Unfortunately, the exit to the Rebel Base still isn’t close enough, as we’re back to fighting Snowtroopers, the dreaded evil light fittings, chain spikes and those wonderful gigantic droids. This level is almost identical to the previous one, which is a little annoying, but at least it sends with a one-on-one battle against an AT-ST. This is one of those bosses you’ll be glad you packed your grenades for, and Seeker missiles are also pretty handy – Both will make light work of this fearsome foe.
Finally, we’re out of Hoth, and for the first time in the series (but not the last), we’re sitting in the famous Millenium Falcon. In this stage, you’re controlling the turret lasers and need to destroy a certain number of TIE Fighters, as well as any asteroids that are approaching. You’ve got a radar at the bottom to give you a rough idea of where enemies are, so it’s not too much of a big ask. This brief stage will end with the Millenium Falcon activating Hyperspace, and you’ll now rejoin Luke as he searches the Dagobah System for the Jedi Master, Yoda.
It’s at this point you realise that there’s still a healthy chunk of game left, and even discounting the time spent dying over and over again, this does seem like a much longer game than its predecessor. No bad thing if you were too young to have a disposable income and only got a game or two a year. Yup, this Empire Strikes Back SNES review is going to go on for a bit longer!
In any case, we’re on Dagobah but R2D2 has gone for a walkabout. Looks like we’ll have to find him, but first, we haven’t even met Yoda yet and can already learn The Force. There are a variety of Force abilities available to Luke in this game, and you can pick them all up over the course of the Dagobah levels, and the first one – Elevation, can be picked up before you find R2D2 at the end of this area.

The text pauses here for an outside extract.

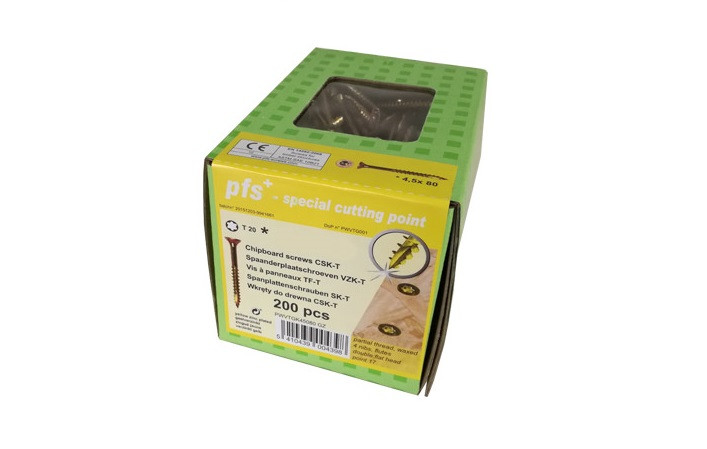 Vis à bois zinguée jaune 4,5 x 6 cm TORX 20 – 200 pièces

Using Force powers deplete a bar in the top right of the screen, which can be replenished by picking up these weird canisters of Force power. Must be some sort of cocktail with midochlorians in or something. Anyway, the first power is Elevation and when activated you can levitate yourself – Which is great when you know miss a jump or you know you’re going to fall to your death. Instantly, this is the most useful power in the entire game, and to be honest you’re rarely going to use anything else. It’s especially great when you use the lightsabre Super Jump at the same time.
The next level is a very brief area, full of various creatures that would be more of a hindrance at this point if you didn’t just get the ability to fly over them all. Still, Yoda awaits you at the end of this level, along with the chance to pick up even more Force powers.

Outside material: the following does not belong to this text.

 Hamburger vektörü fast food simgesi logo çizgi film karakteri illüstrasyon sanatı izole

Infact, you can pick up all of the remaining Force powers by just using Elevation to fly up into the air, the moment you start this level. You’d think there would have been more thought or effort put into Jedi training, but here we are, so let’s talk about the remaining powers, shall we?
Mind Control allows you to turn weaker-minded foes against their own kind, which is kind of fun I suppose.

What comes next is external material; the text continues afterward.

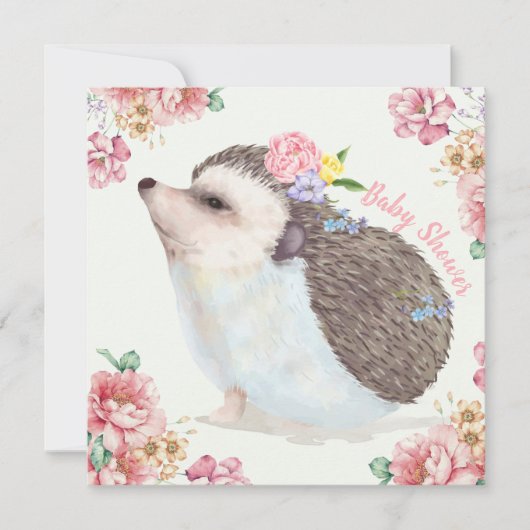 Hedgehog Baby Shower Invitation シーズンカード (正面)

Freeze allows you to blast everyone on screen and make them freeze on the spot, which can be pretty useful when your way is blocked by some of the more irritating enemies.
Saber Deflect makes you automatically block and deflect laser fire, but to be honest, it’s not like it’s terribly difficult to do that manually, so why waste the Force bar?
Saber Control gives you the incredibly cool-looking power to throw your lightsaber around the screen, but it’s pretty useless unless there’s an enemy you can’t quite hit with the blaster.
Slowdown does what it says on the tin, temporarily slowing all enemies down to give you a little breathing room when things get hectic. Great when you just want to run past enemies because you can’t be bothered to fight them.
Heal is another one that you can figure out, but my word is it so damn useful for a game like this. With some of the boss fights being more of a war of attrition than skill, being able to sacrifice some of your Force bar in exchange for some extra health is a literal lifesaver.
Finally, Invisible doesn’t really make you disappear. Enemies still seem to be able to see you, it’s just their attacks don’t hurt you. I’d probably use Heal over this, to be honest.
So, now that’s all the Force powers covered, from here on out the game feels like it’s a whole lot easier, mainly because you can now heal yourself or fly out of danger. But that doesn’t mean it’s a cakewalk. Yoda’s training involves you going through a weird auto-scrolling area with a wobbly ground over some dirty-looking water. If you missed some of the Force powers, you can pick them up here by jumping to the top of the area. This segment is a bit tedious, much like most of the Dagobah section to be honest. It culminates in a boss fight against a bizarre swamp creature named Habogad – One of those completely made up for the game dealios. It’s got a gaping maw, and quite a few facial features you’ll need to blow off before you can actually do any damage. Simply put, this is a time-consuming and quite irritating boss that takes way too long to kill and just isn’t fun, even with your newfound powers. It’s easier just to use the old favourite lightsabre Super Jump and avoid contact as best as you can. It’s not as frustrating as the early Ice Cave areas, but barely.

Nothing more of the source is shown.